ウォーターズ氏ら民主党は、共和党が推進する「CLARITY法案」「GENIUS法案」「中央銀行デジタル通貨(CBDC)反監視国家法案」の3法案について、危険な内容を含んでいるとの見解を示しています。
民主党は、これらの法案には消費者保護や国家安全保障に必要な規制が欠けており、その結果として議会がトランプ大統領の仮想通貨ビジネスに関する利益相反問題を容認する構図になりかねないと警戒を示しました。
リンチ氏によると、トランプ氏は仮想通貨関連ビジネスからすでに12億ドル(約1,770億円)にのぼる利益を得ており、これらの法案は、その収益を事実上正当化する可能性があるとして批判しています。
仮想通貨関連の主要3法案を審議・採決へ
CLARITY・GENIUS・CBDC法案への民主党の反発
ウォーターズ氏とリンチ氏は、これら3法案が仮想通貨市場や国家安全保障に悪影響を及ぼす可能性があるとして警鐘を鳴らしています。
CLARITY法案への懸念
「CLARITY法案」は、米国証券取引委員会(SEC)と米商品先物取引委員会(CFTC)の規制権限を明確化することを目的とした包括的な法案です。
民主党は「同法案は投資家保護に不十分であり、金融システムにリスクをもたらす」と批判しており、提出された30件以上の修正案もすべて却下されています。
また、ウォーターズ議員は「共和党は仮想通貨業界のロビー団体やトランプ大統領に迎合している」と非難し、今年5月には抗議の意思を示すために公聴会への出席を拒否しました。
規制・監督機関の明確化で市場を強化
GENIUS法案とトランプ氏の利益相反
「GENIUS法案」はステーブルコインに初の連邦規制を設けるもので、6月に上院で可決されました。

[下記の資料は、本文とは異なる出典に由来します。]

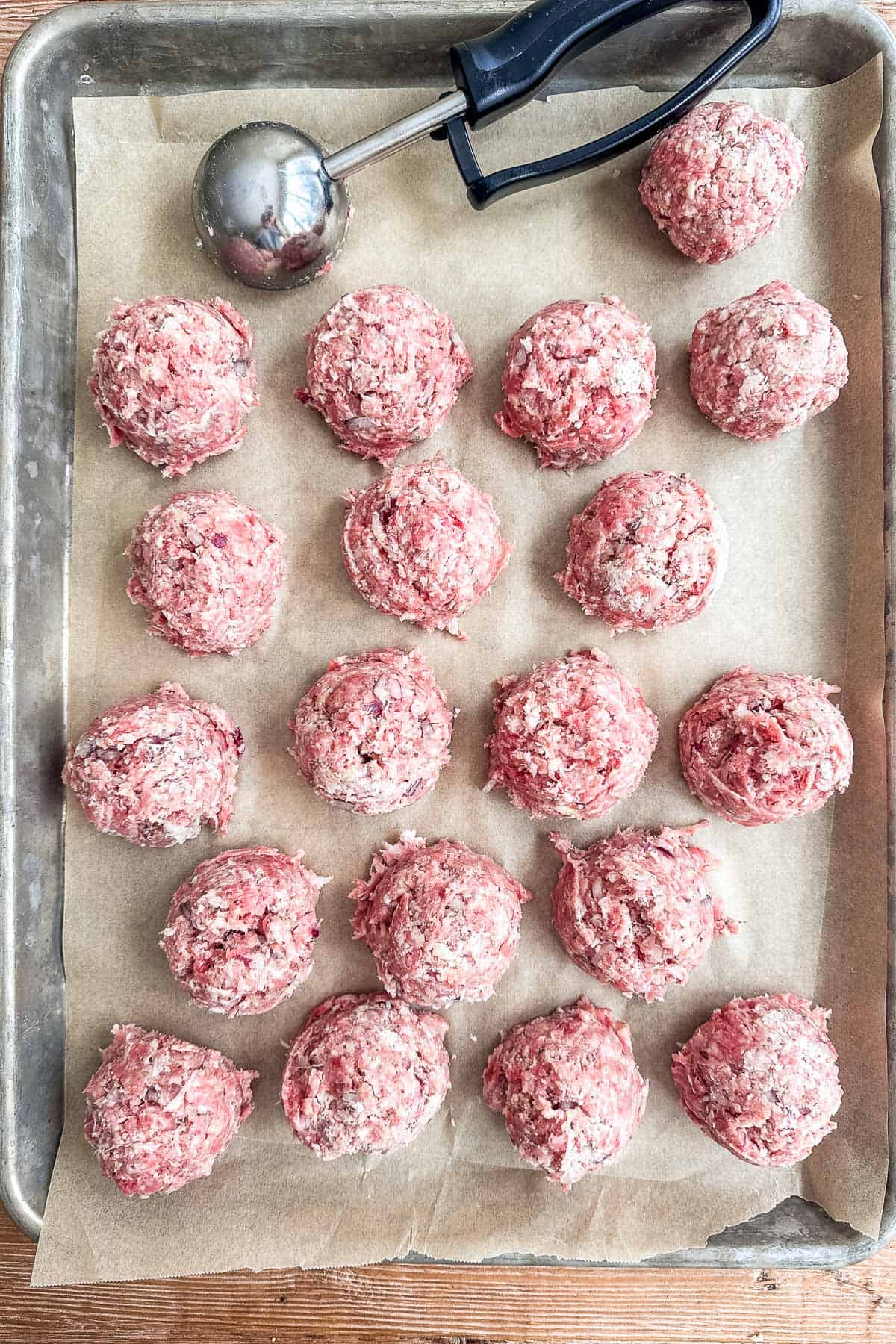 ricotta meatballs scooped out onto a parchment lined baking sheet.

トランプ氏の企業は独自のステーブルコイン「USD1」を発行しており、自身のミームコイン「$TRUMP」も展開していることから、利益相反の懸念が指摘されています。
上院では大統領のステーブルコイン関与を禁じる条項が追加され、エリザベス・ウォーレン議員ら一部の民主党議員も賛成に回りました。
民主党は、この法案が大統領一族に利益をもたらす構造になっていると非難し、市民団体のパブリック・シチズンも「大統領による過去に類を見ないレベルの利益相反である」として批判を展開しています。
ステーブルコイン規制の明確化
CBDC禁止法案への批判
「中央銀行デジタル通貨(CBDC)反監視国家法案」はFRB(連邦準備制度理事会)によるデジタルドル発行を禁止するもので、トム・エマー議員が主導しています。

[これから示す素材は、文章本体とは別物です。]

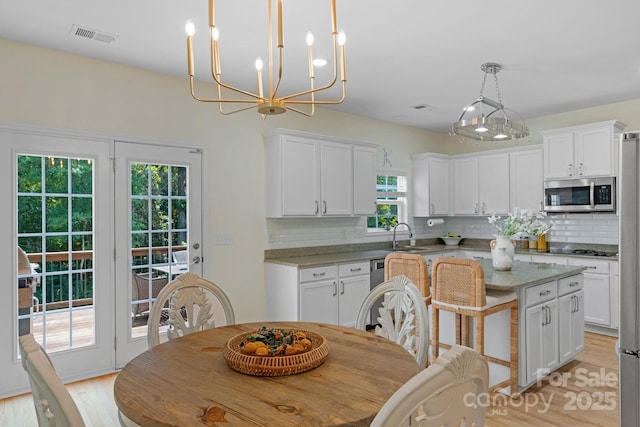 1807 Robbins Meadows Dr, Waxhaw, NC 28173 - dining area featuring light wood finished floors and a chandelier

共和党は監視国家化を防ぐと主張する一方、民主党は「デジタル通貨分野での技術革新を阻害し、中国に主導権を渡す恐れがある」と懸念を示しました。
ウォーターズ氏は「自由を守ると言いながら、実際はトランプ氏の腐敗帝国に金融未来を委ねている」と批判しています。
CBDC「国家が国民を監視するツール」
トランプ氏の仮想通貨事業収益を巡る論争
民主党は法案に反対する一方で、トランプ大統領による仮想通貨関連ビジネスへの直接的な関与とその利益に関する疑惑を追及しています。
2024年の財務資料では、トランプ氏がワールド・リバティ・ファイナンシャル(WLF)を通じて5,730万ドル(約84億円)の利益を得たことが判明し、資産も大幅に増加していることが明らかにされました。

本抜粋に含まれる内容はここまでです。